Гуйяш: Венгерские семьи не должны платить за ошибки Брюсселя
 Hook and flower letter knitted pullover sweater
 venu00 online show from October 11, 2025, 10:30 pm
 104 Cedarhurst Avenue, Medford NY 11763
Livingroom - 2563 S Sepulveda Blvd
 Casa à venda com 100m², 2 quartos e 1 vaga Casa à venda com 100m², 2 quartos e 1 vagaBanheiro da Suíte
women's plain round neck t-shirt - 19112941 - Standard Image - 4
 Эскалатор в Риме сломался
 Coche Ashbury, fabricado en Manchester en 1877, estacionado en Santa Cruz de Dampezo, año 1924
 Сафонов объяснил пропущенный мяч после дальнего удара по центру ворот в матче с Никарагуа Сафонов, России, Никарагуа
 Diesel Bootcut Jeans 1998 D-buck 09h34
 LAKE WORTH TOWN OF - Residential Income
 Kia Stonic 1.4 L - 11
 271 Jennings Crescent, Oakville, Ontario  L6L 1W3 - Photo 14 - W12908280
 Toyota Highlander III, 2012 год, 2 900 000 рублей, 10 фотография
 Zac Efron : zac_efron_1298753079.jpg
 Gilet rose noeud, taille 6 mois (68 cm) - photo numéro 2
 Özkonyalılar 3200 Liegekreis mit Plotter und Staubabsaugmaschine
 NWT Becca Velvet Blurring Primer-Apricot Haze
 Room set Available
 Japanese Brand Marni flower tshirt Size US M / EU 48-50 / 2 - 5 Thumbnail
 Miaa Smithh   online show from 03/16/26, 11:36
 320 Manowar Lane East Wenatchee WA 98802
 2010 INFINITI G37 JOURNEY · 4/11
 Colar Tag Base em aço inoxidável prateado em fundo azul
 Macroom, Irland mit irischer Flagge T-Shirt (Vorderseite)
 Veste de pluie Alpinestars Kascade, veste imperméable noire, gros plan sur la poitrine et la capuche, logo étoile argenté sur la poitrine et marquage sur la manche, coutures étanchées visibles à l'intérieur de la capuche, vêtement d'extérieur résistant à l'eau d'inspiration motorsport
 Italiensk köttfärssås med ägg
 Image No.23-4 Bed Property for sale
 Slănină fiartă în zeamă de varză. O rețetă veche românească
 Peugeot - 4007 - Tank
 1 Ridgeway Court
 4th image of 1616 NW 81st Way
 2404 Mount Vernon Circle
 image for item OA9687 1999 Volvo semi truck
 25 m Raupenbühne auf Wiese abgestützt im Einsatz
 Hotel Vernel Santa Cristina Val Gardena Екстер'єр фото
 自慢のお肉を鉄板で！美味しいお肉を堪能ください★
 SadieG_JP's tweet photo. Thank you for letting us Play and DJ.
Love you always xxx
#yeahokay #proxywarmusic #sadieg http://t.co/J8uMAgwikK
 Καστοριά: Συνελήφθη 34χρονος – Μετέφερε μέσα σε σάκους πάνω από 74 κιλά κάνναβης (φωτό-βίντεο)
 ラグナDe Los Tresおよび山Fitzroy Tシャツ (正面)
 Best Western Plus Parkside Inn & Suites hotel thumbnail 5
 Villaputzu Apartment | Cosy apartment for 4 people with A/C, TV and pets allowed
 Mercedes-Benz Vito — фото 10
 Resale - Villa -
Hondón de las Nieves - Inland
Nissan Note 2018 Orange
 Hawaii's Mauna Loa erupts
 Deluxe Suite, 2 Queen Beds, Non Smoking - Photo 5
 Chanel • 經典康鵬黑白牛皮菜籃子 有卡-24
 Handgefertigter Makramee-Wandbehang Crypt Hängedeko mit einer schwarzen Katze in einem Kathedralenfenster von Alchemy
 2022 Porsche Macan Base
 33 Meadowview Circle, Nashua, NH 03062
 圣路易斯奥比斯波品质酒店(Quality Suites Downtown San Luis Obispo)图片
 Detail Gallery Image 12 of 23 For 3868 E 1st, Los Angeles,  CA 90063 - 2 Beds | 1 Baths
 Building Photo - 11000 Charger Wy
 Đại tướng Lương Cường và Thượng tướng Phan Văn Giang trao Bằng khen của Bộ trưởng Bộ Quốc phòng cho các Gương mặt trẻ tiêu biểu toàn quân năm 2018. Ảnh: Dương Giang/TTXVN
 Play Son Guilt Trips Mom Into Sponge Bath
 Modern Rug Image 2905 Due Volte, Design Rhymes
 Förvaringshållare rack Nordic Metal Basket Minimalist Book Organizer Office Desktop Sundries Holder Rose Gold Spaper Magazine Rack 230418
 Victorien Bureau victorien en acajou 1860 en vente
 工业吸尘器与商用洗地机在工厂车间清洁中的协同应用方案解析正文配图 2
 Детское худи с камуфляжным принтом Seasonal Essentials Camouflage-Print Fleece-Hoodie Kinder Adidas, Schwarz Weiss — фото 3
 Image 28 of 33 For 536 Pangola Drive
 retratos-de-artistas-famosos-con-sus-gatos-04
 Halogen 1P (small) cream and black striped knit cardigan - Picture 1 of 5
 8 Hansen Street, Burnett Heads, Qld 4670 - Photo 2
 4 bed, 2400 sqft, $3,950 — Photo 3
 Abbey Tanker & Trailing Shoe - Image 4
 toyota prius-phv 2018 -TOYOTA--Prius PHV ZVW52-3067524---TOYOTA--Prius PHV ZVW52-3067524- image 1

######

### PROBLEM STATEMENT
Your answer should consist of the lines above that hold the word "flower".

### ANSWER
 Hook and flower letter knitted pullover sweater
 Japanese Brand Marni flower tshirt Size US M / EU 48-50 / 2 - 5 Thumbnail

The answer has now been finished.